DATA EXTRACT:
● ● ● ● ● ● ●

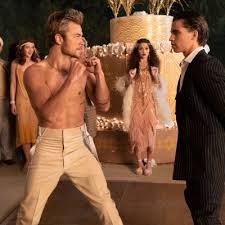 With madison pettis, rachael leigh cook, tanner buchanan, addison rae. Iexleqq Mjn9gm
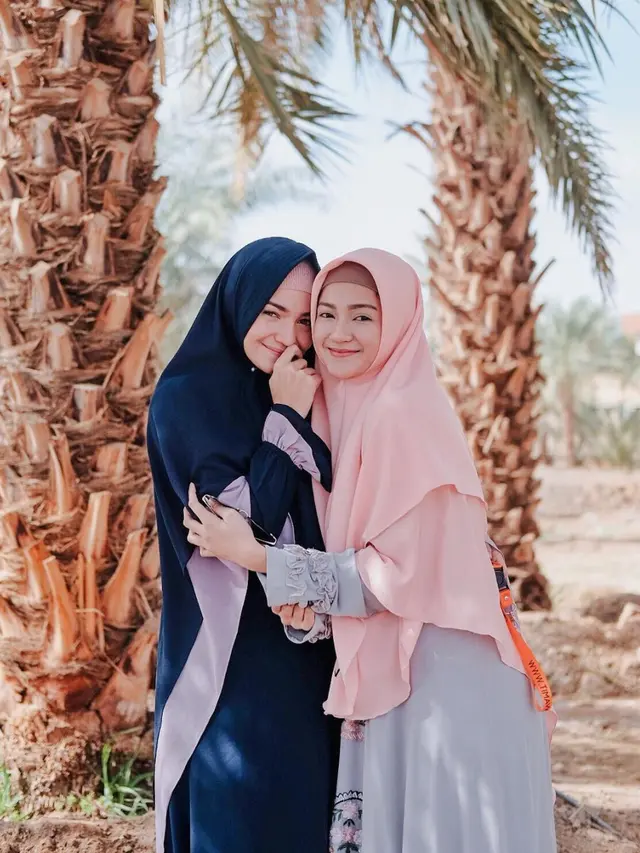 6 Penampilan Enzy Storia saat Pakai Hijab, Curi Perhatian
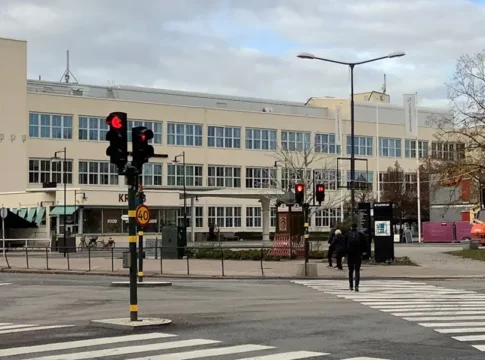 Telefonplan in southern Stockholm, view from the metro toward the former Ericsson factory complex. Photo: Sinikka Halme (CC BY-SA 4.0)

● ● ● ● ● ● ●

REQUIRED WORK: Your reply should be the full data above, copied exactly, with no pictures in it.

TASK OUTPUT:
 With madison pettis, rachael leigh cook, tanner buchanan, addison rae. Iexleqq Mjn9gm
 6 Penampilan Enzy Storia saat Pakai Hijab, Curi Perhatian
 Telefonplan in southern Stockholm, view from the metro toward the former Ericsson factory complex. Photo: Sinikka Halme (CC BY-SA 4.0)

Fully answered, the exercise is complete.